(Data supplied)

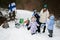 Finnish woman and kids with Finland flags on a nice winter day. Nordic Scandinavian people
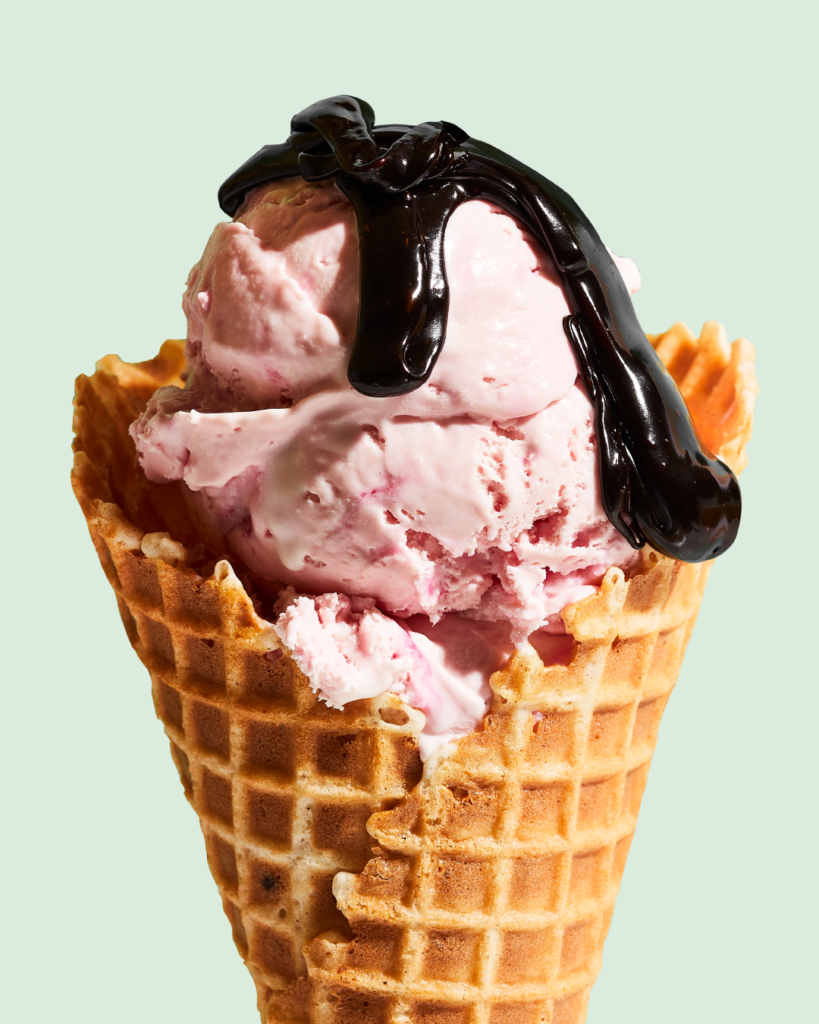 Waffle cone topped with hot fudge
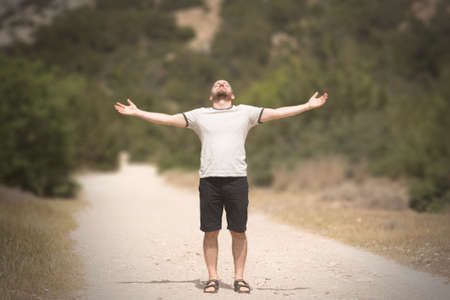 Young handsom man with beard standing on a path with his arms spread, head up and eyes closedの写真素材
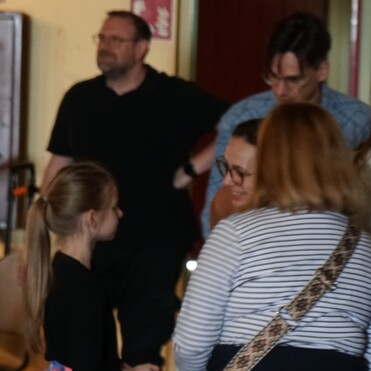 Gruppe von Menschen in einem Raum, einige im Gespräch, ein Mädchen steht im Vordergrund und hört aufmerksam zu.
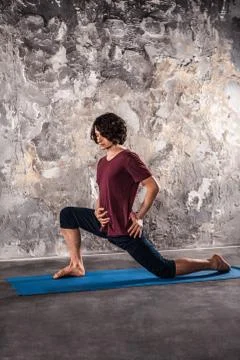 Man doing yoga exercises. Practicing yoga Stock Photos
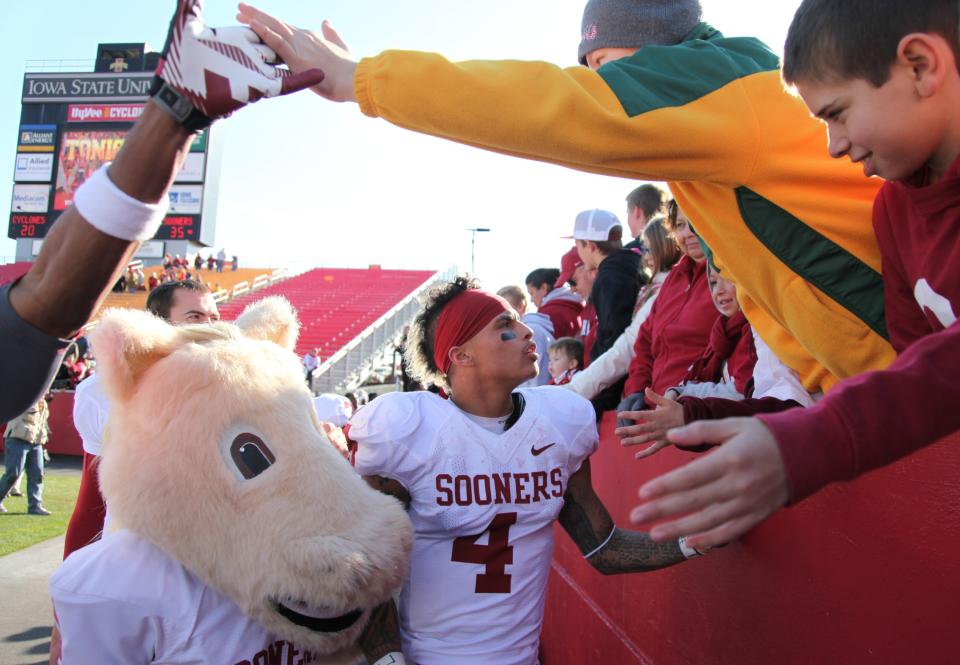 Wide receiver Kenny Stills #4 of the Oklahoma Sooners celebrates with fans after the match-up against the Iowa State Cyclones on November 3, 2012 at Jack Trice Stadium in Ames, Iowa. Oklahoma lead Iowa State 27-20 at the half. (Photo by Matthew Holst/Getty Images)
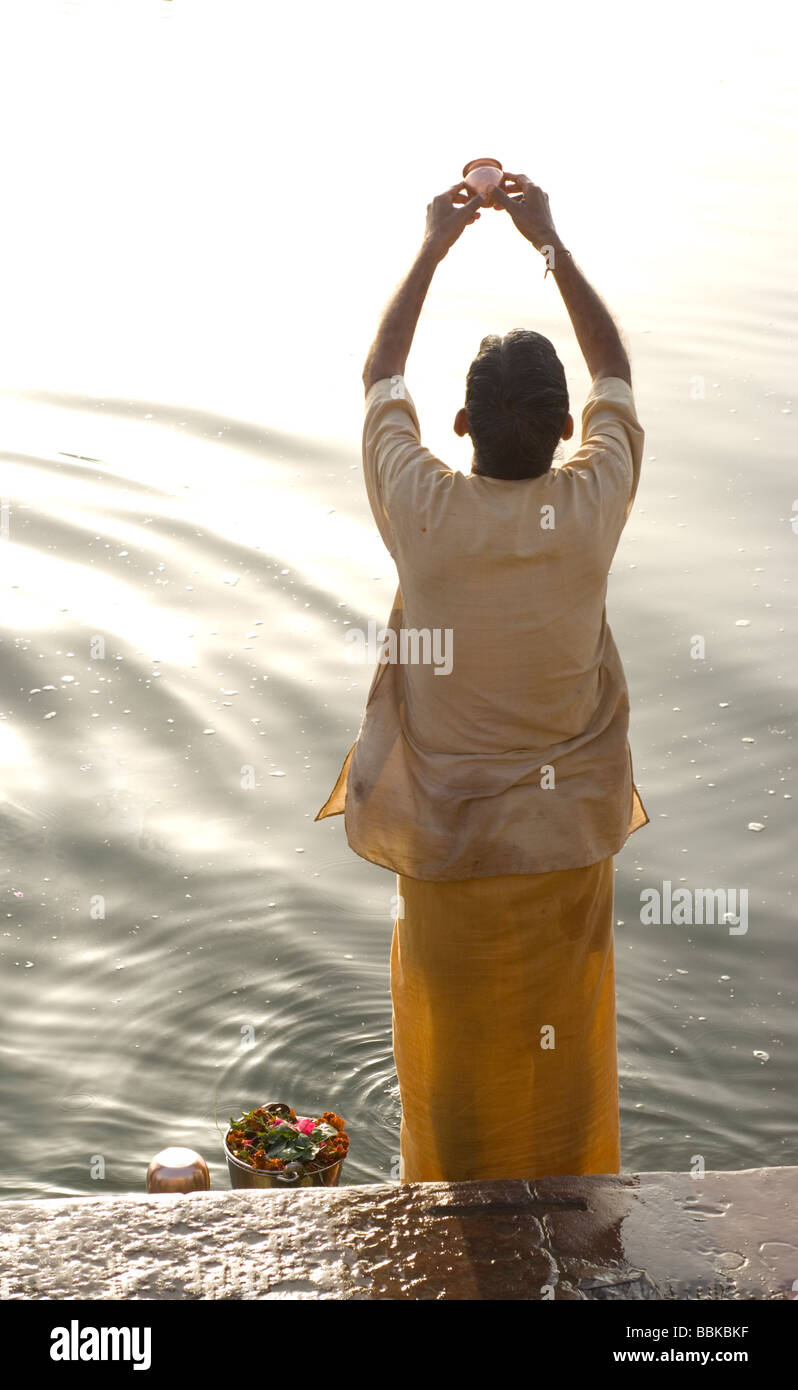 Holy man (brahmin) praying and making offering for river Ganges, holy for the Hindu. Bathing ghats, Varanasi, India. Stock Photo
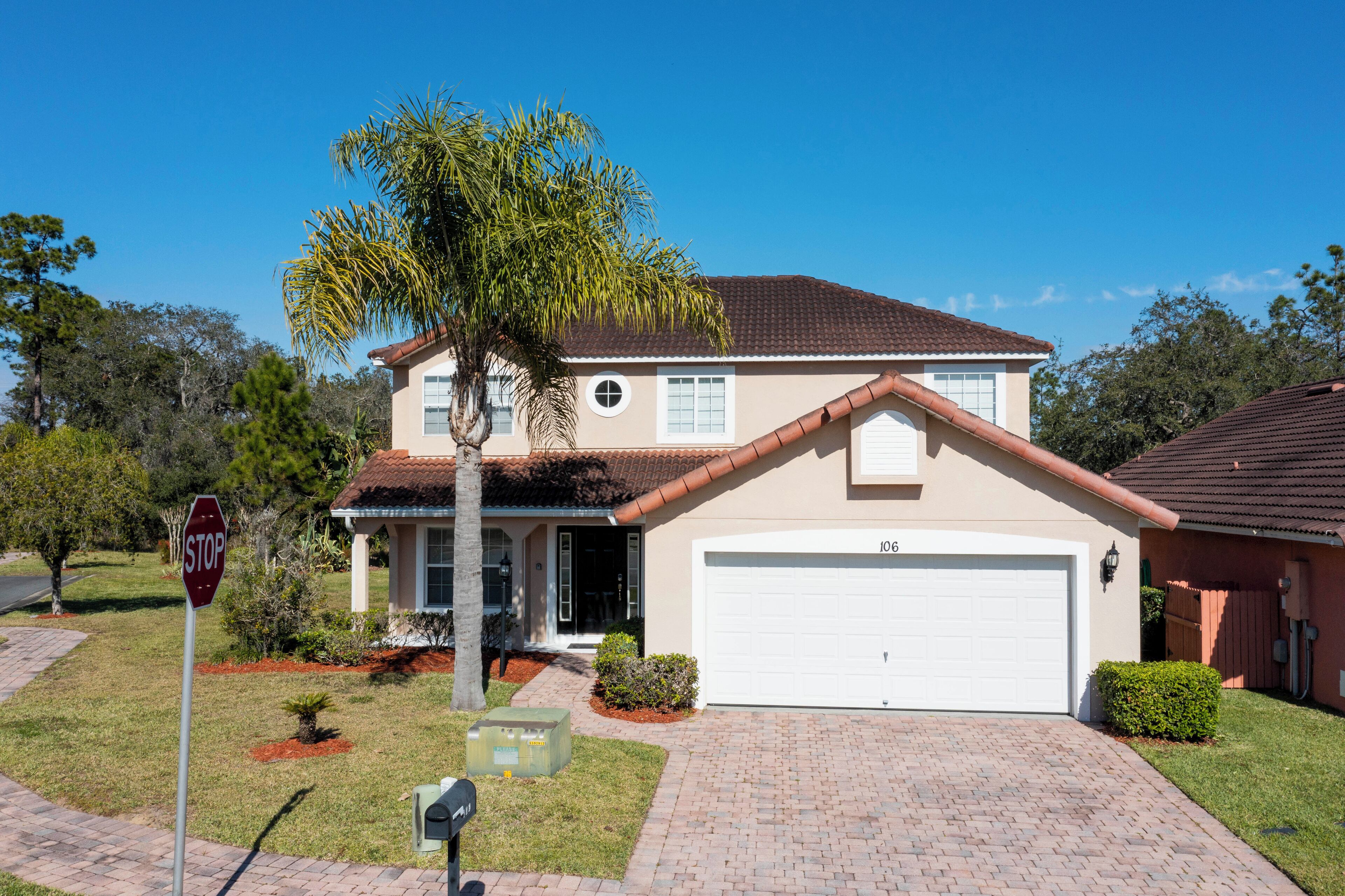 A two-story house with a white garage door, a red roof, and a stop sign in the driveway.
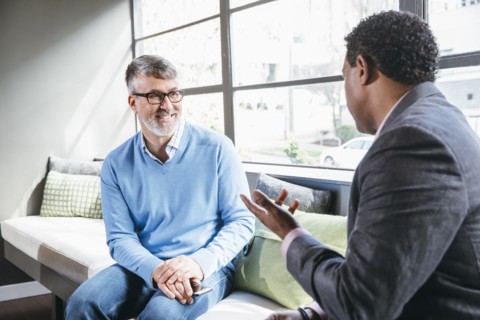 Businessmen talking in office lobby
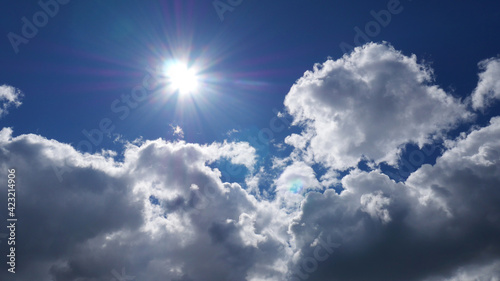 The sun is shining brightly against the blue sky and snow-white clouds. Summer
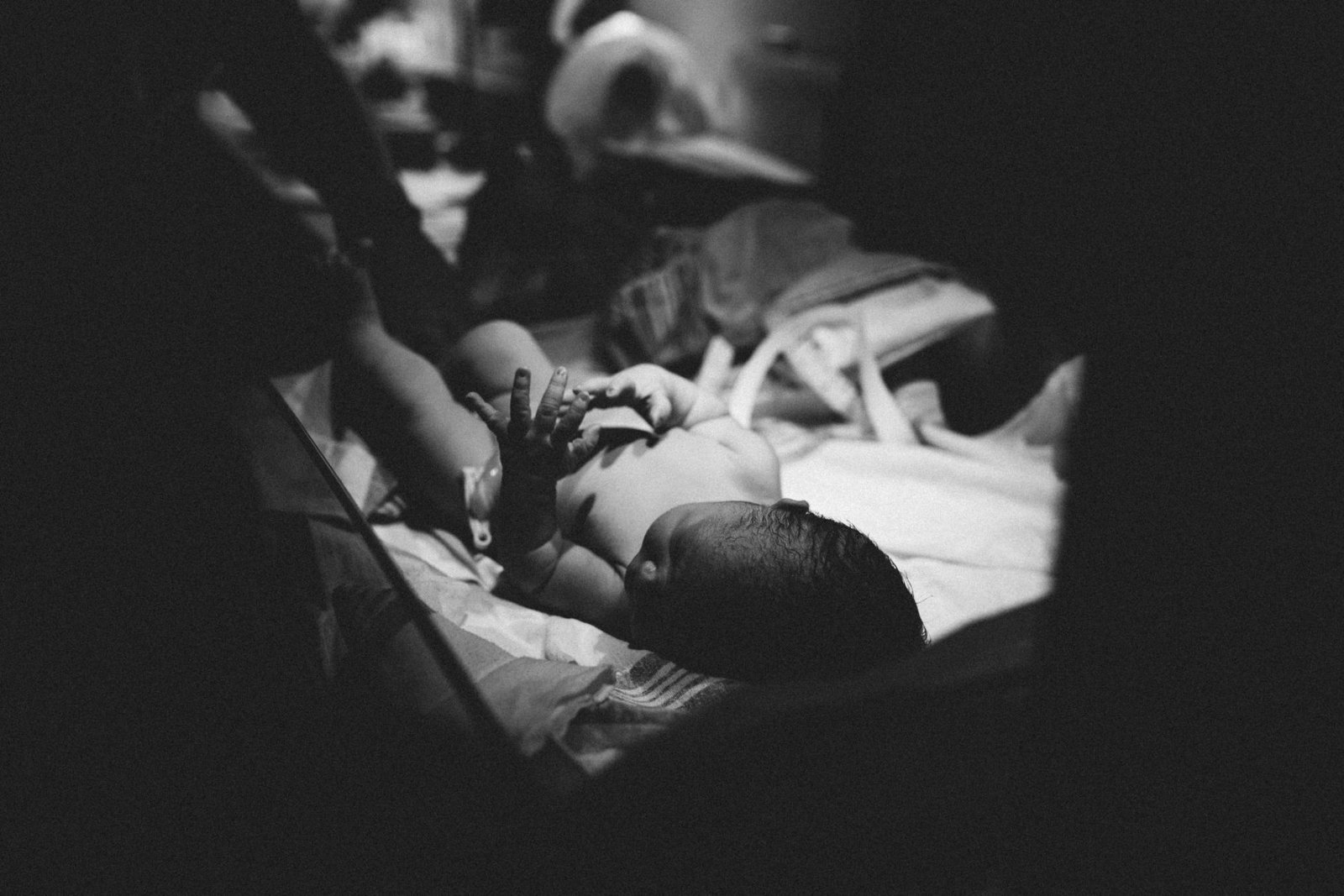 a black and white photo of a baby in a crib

(End Data supplied)

* [Exercise brief]: Lines from the one that holds "Waffle cone topped with hot fudge" through the final line of the material are to be duplicated exactly; no pictures belong in the copy.

* [Answer]:
 Waffle cone topped with hot fudge
 Young handsom man with beard standing on a path with his arms spread, head up and eyes closedの写真素材
 Gruppe von Menschen in einem Raum, einige im Gespräch, ein Mädchen steht im Vordergrund und hört aufmerksam zu.
 Man doing yoga exercises. Practicing yoga Stock Photos
 Wide receiver Kenny Stills #4 of the Oklahoma Sooners celebrates with fans after the match-up against the Iowa State Cyclones on November 3, 2012 at Jack Trice Stadium in Ames, Iowa. Oklahoma lead Iowa State 27-20 at the half. (Photo by Matthew Holst/Getty Images)
 Holy man (brahmin) praying and making offering for river Ganges, holy for the Hindu. Bathing ghats, Varanasi, India. Stock Photo
 A two-story house with a white garage door, a red roof, and a stop sign in the driveway.
 Businessmen talking in office lobby
 The sun is shining brightly against the blue sky and snow-white clouds. Summer
 a black and white photo of a baby in a crib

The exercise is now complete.